What do Vision Transformers Learn? A Visual Exploration

Visualizations

ViT Models:

To visualize the features of the ViT models:

PYTHONPATH=. python experiments/it15/vis35.py -l <layer_number> -f <feature_number> -n  <network_number> -v <tv_coefficient>

For example:

PYTHONPATH=. python experiments/it15/vis35.py -l 4 -f 20 -n  35 -v 0.1

Clip Models:

To visualize the features of the CLIP models:

PYTHONPATH=. python experiments/it15/vis98.py -l <layer_number> -f <feature_number> -n  <network_number> -v <tv_coefficient>

For example:

PYTHONPATH=. python experiments/it15/vis98.py -l 4 -f 20 -n  98 -v 0.1

For the ViT models the -n option should be in [34, 35, 36, 37, 38, 39], and for the CLIP models the -n option should be in [94, 95, 96, 97, 98, 99]
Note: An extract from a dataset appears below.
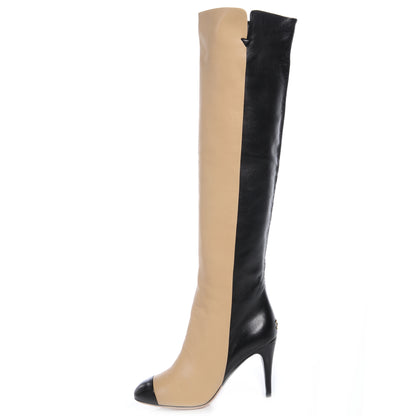 Chanel Leather Knee High Boots 9.5 Black Beige 1 of 7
To list all the available network numbers use:

python show_models.py

Here we list some of them:

  • 34: ViT0_B_16_imagenet1k
  • 35: ViT1_B_32_imagenet1k
  • 36: ViT2_L_16_imagenet1k
  • 37: ViT3_L_32_imagenet1k
  • 38: ViT4_B_16
  • 39: ViT5_B_32
  • 94: CLIP0_RN50
  • 95: CLIP1_RN101
  • 96: CLIP2_RN50x4
  • 97: CLIP3_RN50x16
  • 98: CLIP4_ViT-B/32
  • 99: CLIP5_ViT-B/16

We use the timm library to load the pretrained models. After running these commands, you can find the visualizations in the desktop folder.

Other experiments done in the paper can be found in the experiments folder.

For the experiments that we need to load the imagenet dataset like the isolating CLS experiment, the code assumes that the dataset is in data/imagenet/train for the training set, and data/imagenet/val for the validation set.

We will update the readme with more instructions on how to run other experiments soon.